I made a few mix CDs, so you would hear a variety of 60s songs. And...I wanted the most pyschedlic. I didn't want to just have Sgt. Pepper or Disraeli Gears playing. I wanted you to hear In-A-Gadda Da-Vida, followed by Incents and Peppermints.
I rented Easy Rider and The Graduate, so they would be playing on different TVs.
And, since I don't cook, a lot of food was purchased.
I remember thinking it's crazy that people spend so much to throw parties.
I thought about that today when I attended a party in Kearny Mesa. A doctor put it on, and he had the food catered. Lots of booze and non-alcoholic drinks. And the best part...he didn't charge people.
I went to a party at a plastic surgeons place in Encinitas last year. He was charging $15 a person.

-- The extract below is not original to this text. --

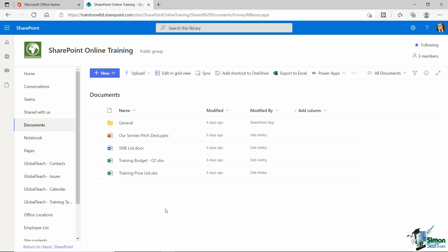And by default, you can upload 50 megabytes worth of a document into a library. Now, if you work at an organization where you have a SharePoint administrator, that is something that they control. So that is a hard limit. If it needs to be raised, then your SharePoint administrator has the ability to do that. But in general, the default is 50 megabytes. Now, again, much like with lists, document libraries are all based off templates as well.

He could clearly afford to throw a party without charging people. And...if you can't, don't have the party. Or throw a small one.
It's the same with weddings. I read in Dear Abby a few months back, about a "pot luck" wedding. Now, I would have no problem going to one. But...not sure if I would feel like bringing a wedding present I spent $100 on, if I'm also bringing potato salad.
I remember as a kid, my parents got invitations to parties that said "BYOB". I thought, that's perfect. Telling someone to bring their own bottle, because some might not drink. Or they might not the selection you have. And, it keeps the costs slightly in check.
But, I've seen other parties that ask you to bring your own drinks, and they ask you to bring a side dish as well. I wonder what it is the host of the party is providing, other than the house to have the get-together.
A day will come, when you'll be asked to bring over the booze, a main dish, and someone will be asked to bring lighter fluid. Another person will be asked to bring a grill. Others will be asked to bring utensils.
Maybe you'll even be asked to put up a canopy in the backyard, too.
And that's another thing. The host shouldn't ask people to do a lot of extra things. Believe me, you'll have a lot of nice folks offering to help you clean up. Or to make a run to the store if you are low on ice. Don't start assigning tasks.
If you do that, it's tacky. And ya know what? People will be talking about it behind your back. Trust me. I've heard 'em.